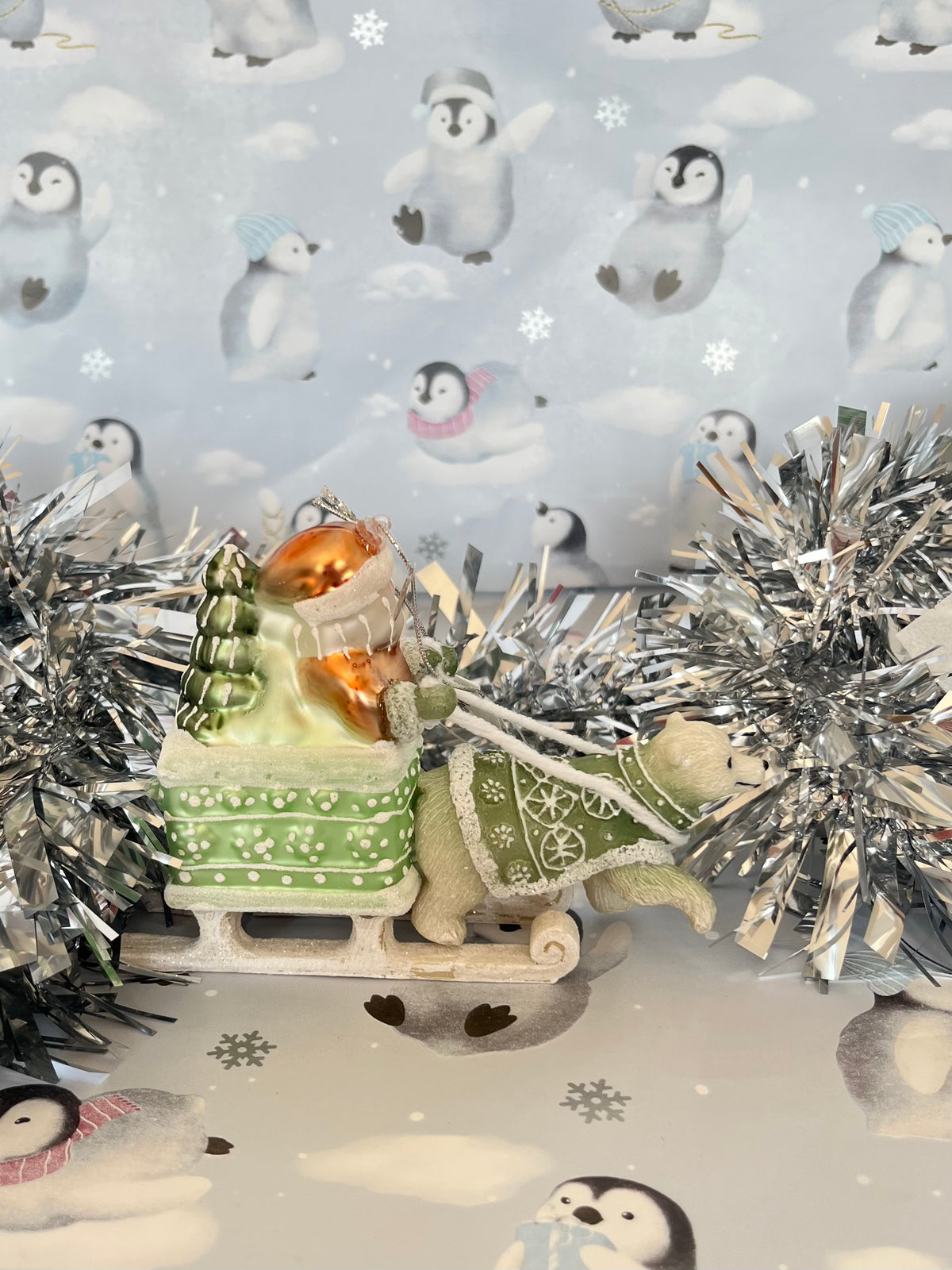 festive tabletop ornament features Santa riding a sleigh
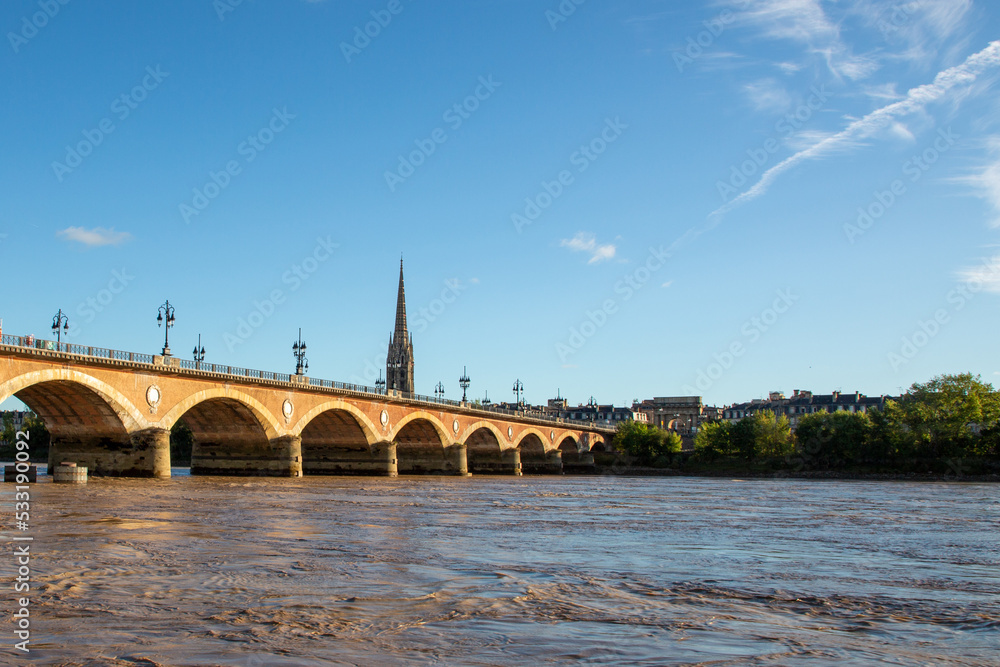 Pont de Pierre and church Saint Michel in Bordeaux town France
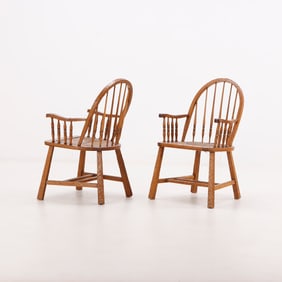 RARE PAIR OF GOUGE CARVED OAK WINDSOR CHAIRS WITH RUSH SEATS ATTRIBUTED TO JEAN-MICHEL FRANK.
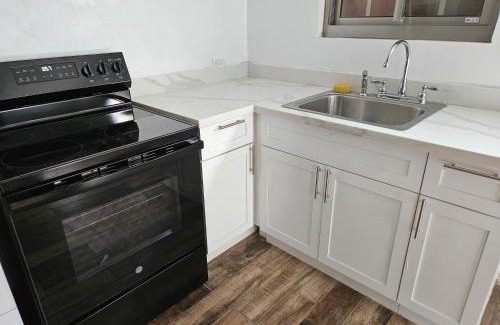 Tamuning Bed & Breakfast | Tulu Famaguon Newly Renovated 2 BR 1BA Entire Apartment Free Wifi, Continental Breakfast, Parking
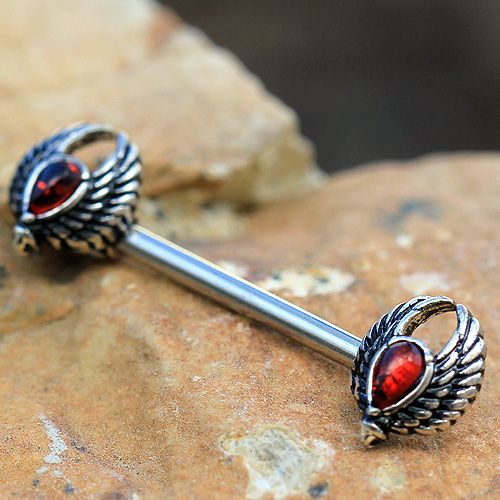 A beautifully crafted 316L stainless steel nipple bar featuring ornate wings with black accents and a dark red teardrop-shaped cubic zirconia.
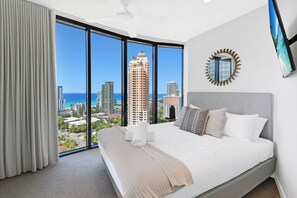 Ein Hotelzimmer mit einem großen Bett, einem runden Spiegel und Blick auf Stadt und Meer.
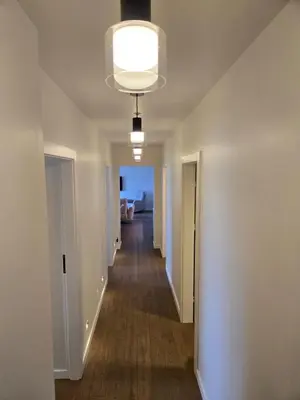 a hallway of an empty apartment with a light fixture at Panoramic balcony 3BD apt with king bed in Kaunas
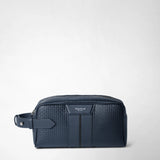 Front view: WASHBAG IN STEPAN stands closed on a light-colored surface; the ocean-blue washbag features an embossed pattern, leather details, a zipper, and the inscription “SERAPIAN MILANO”.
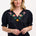 A woman wearing a black Angelique blouse with floral embroidery, short frill sleeves, and a V-neckline.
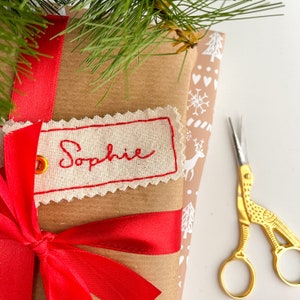 A brown wrapped paper gift  with a red ribbon tied around it. A white fabric tag with red stitching is attached to the bag with the name 'Sophie' embroidered in red thread. A pair of gold scissors are on the right side of the image.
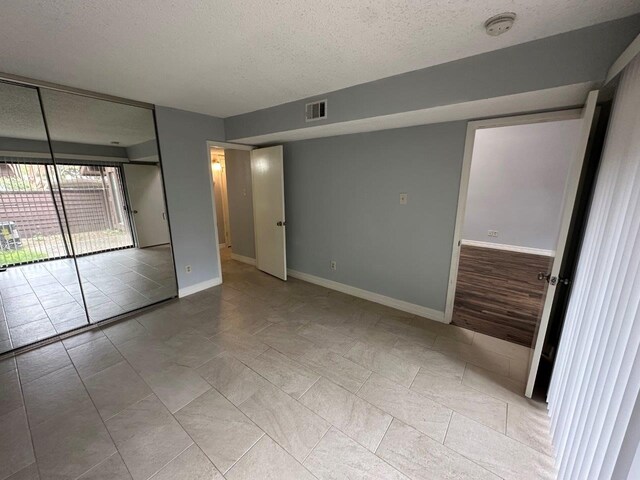 2510 Grants Lake Blvd Unit 101, Sugar Land, TX 77479 - unfurnished bedroom with a textured ceiling, access to exterior, and tile patterned floors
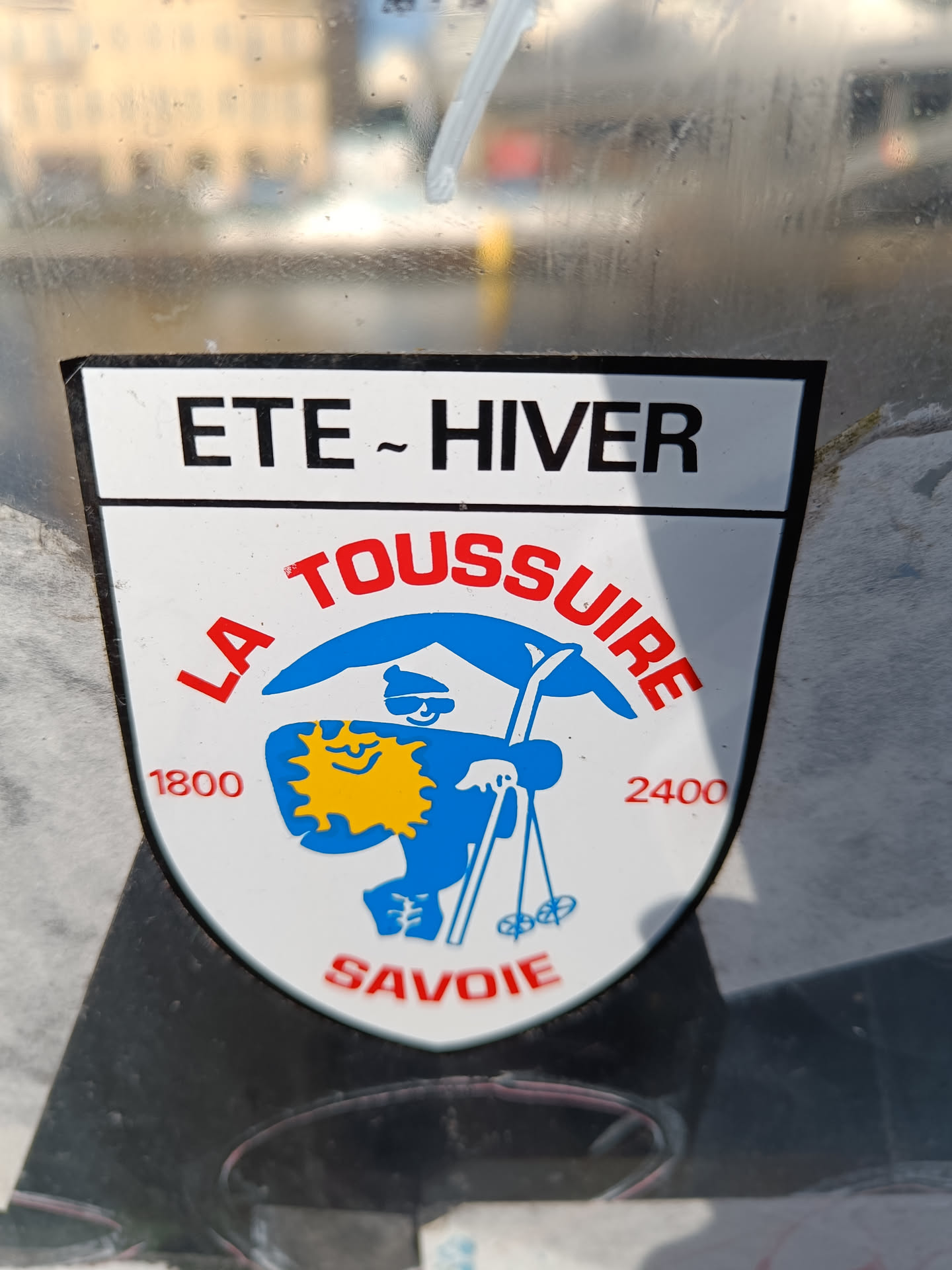 Vintage sticker from La Toussuire, a ski resort in the Savoie region of France.  The sticker shows a cartoon skier with a sun on its chest. It indicates that the resort is open in both summer and winter, and specifies an altitude range of 1800 to 2400 meters.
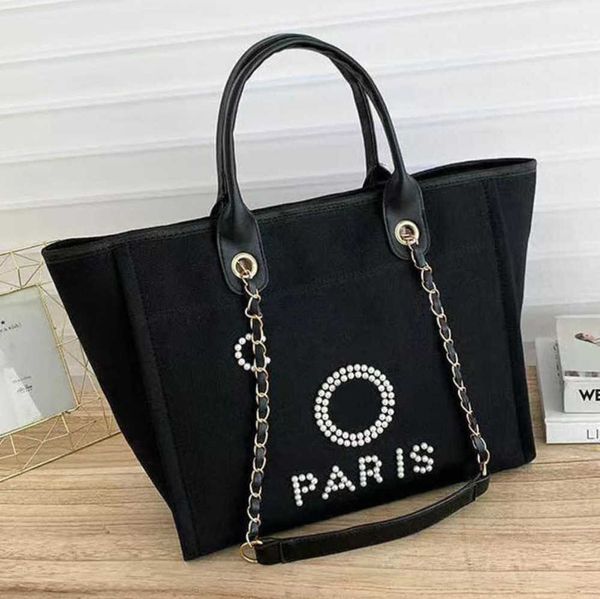 fashion luxury women's beach bags pearl hand bag brand designers women tote evening handbag large capacity female backpacks small porta
fashion luxury women's beach bags pearl hand bag brand designers women tote evening handbag large capacity female backpacks small porta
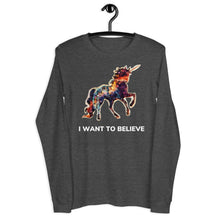 Load image into Gallery viewer, A dark grey heather-colored long-sleeve tee from Real Unicorn Apparel resting on a dark clothes hanger. The t-shirt features a beautifully-drawn unicorn and the text &quot;I Want To Believe.&quot;

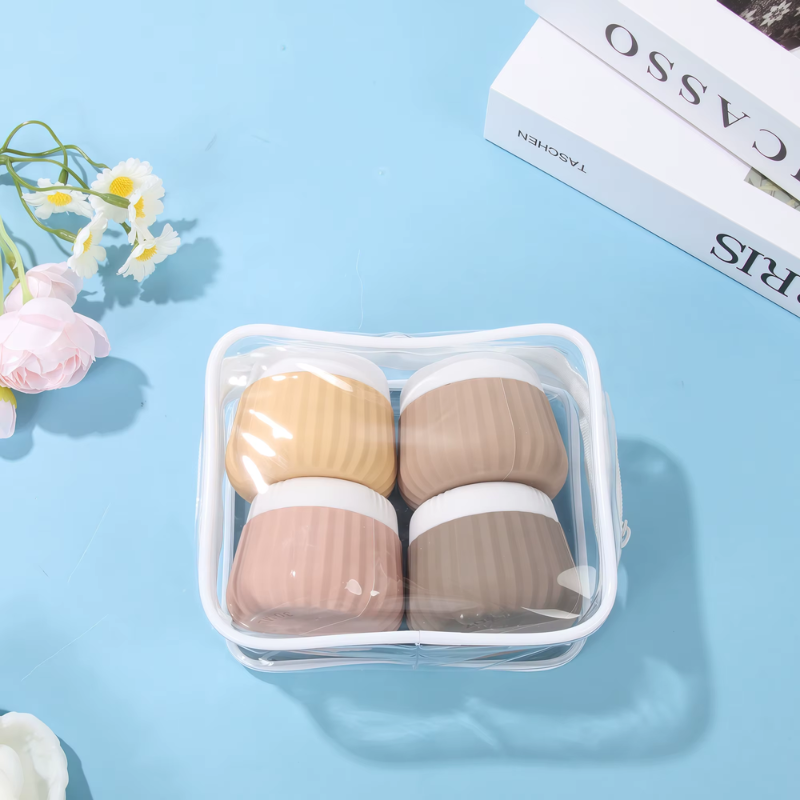 Flacon Vide Voyage pour Crème quatre flacons alignés - Beige - Rose - Vert - Bleu - Multicouleur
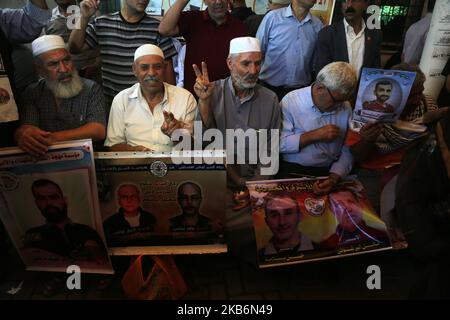 Angehörige palästinensischer Gefangener, die in israelischen Gefängnissen festgehalten werden, halten während eines Protestes vor dem Roten Kreuz in Gaza-Stadt am 23. September 2019 Fotos bereit. (Foto von Majdi Fathi/NurPhoto) Stockfoto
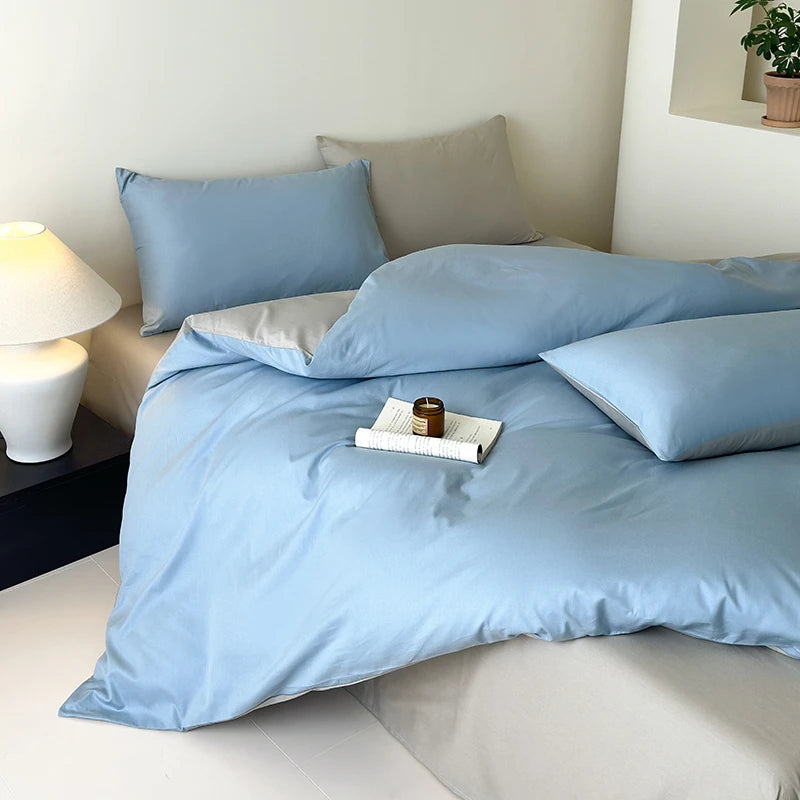Light blue bedding set on a bed with a nightstand and lamp in a bedroom setting.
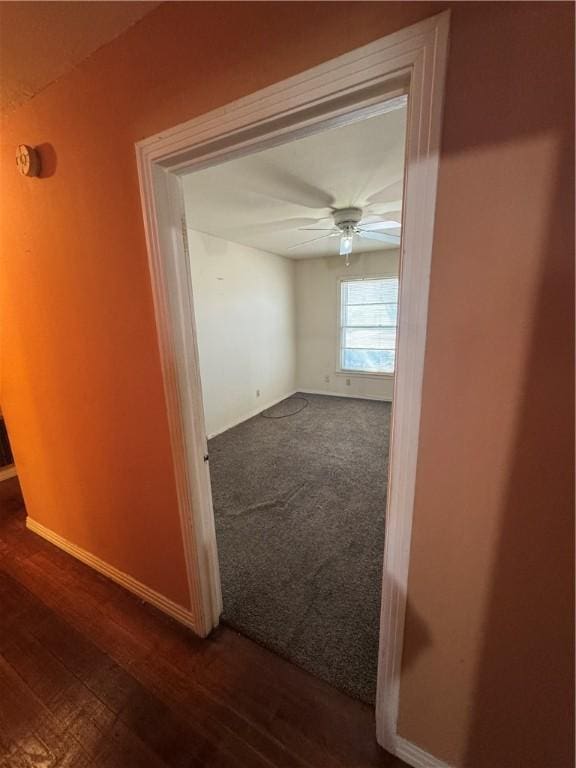 corridor featuring dark colored carpet, dark wood finished floors, and baseboards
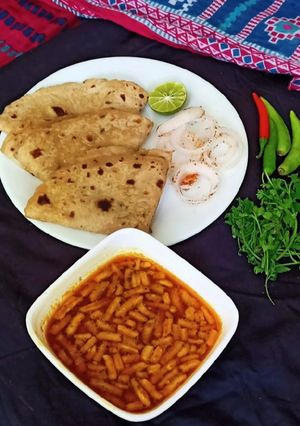 A picture of Khandeshi special zanzanit Sev bhaji(curry).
===============
GOAL OF THE EXERCISE: Repeat each entry above word for word, leaving every picture out.

ANSWER TO THIS EXERCISE:
 festive tabletop ornament features Santa riding a sleigh
 Pont de Pierre and church Saint Michel in Bordeaux town France
 RARE PAIR OF GOUGE CARVED OAK WINDSOR CHAIRS WITH RUSH SEATS ATTRIBUTED TO JEAN-MICHEL FRANK.
 Tamuning Bed & Breakfast | Tulu Famaguon Newly Renovated 2 BR 1BA Entire Apartment Free Wifi, Continental Breakfast, Parking
 A beautifully crafted 316L stainless steel nipple bar featuring ornate wings with black accents and a dark red teardrop-shaped cubic zirconia.
 Ein Hotelzimmer mit einem großen Bett, einem runden Spiegel und Blick auf Stadt und Meer.
 a hallway of an empty apartment with a light fixture at Panoramic balcony 3BD apt with king bed in Kaunas
 Front view: WASHBAG IN STEPAN stands closed on a light-colored surface; the ocean-blue washbag features an embossed pattern, leather details, a zipper, and the inscription “SERAPIAN MILANO”.
 A woman wearing a black Angelique blouse with floral embroidery, short frill sleeves, and a V-neckline.
 A brown wrapped paper gift  with a red ribbon tied around it. A white fabric tag with red stitching is attached to the bag with the name 'Sophie' embroidered in red thread. A pair of gold scissors are on the right side of the image.
 2510 Grants Lake Blvd Unit 101, Sugar Land, TX 77479 - unfurnished bedroom with a textured ceiling, access to exterior, and tile patterned floors
 Vintage sticker from La Toussuire, a ski resort in the Savoie region of France.  The sticker shows a cartoon skier with a sun on its chest. It indicates that the resort is open in both summer and winter, and specifies an altitude range of 1800 to 2400 meters.
 fashion luxury women's beach bags pearl hand bag brand designers women tote evening handbag large capacity female backpacks small porta
fashion luxury women's beach bags pearl hand bag brand designers women tote evening handbag large capacity female backpacks small porta
 Load image into Gallery viewer, A dark grey heather-colored long-sleeve tee from Real Unicorn Apparel resting on a dark clothes hanger. The t-shirt features a beautifully-drawn unicorn and the text &quot;I Want To Believe.&quot;

 Flacon Vide Voyage pour Crème quatre flacons alignés - Beige - Rose - Vert - Bleu - Multicouleur
 Angehörige palästinensischer Gefangener, die in israelischen Gefängnissen festgehalten werden, halten während eines Protestes vor dem Roten Kreuz in Gaza-Stadt am 23. September 2019 Fotos bereit. (Foto von Majdi Fathi/NurPhoto) Stockfoto
Light blue bedding set on a bed with a nightstand and lamp in a bedroom setting.
 corridor featuring dark colored carpet, dark wood finished floors, and baseboards
 A picture of Khandeshi special zanzanit Sev bhaji(curry).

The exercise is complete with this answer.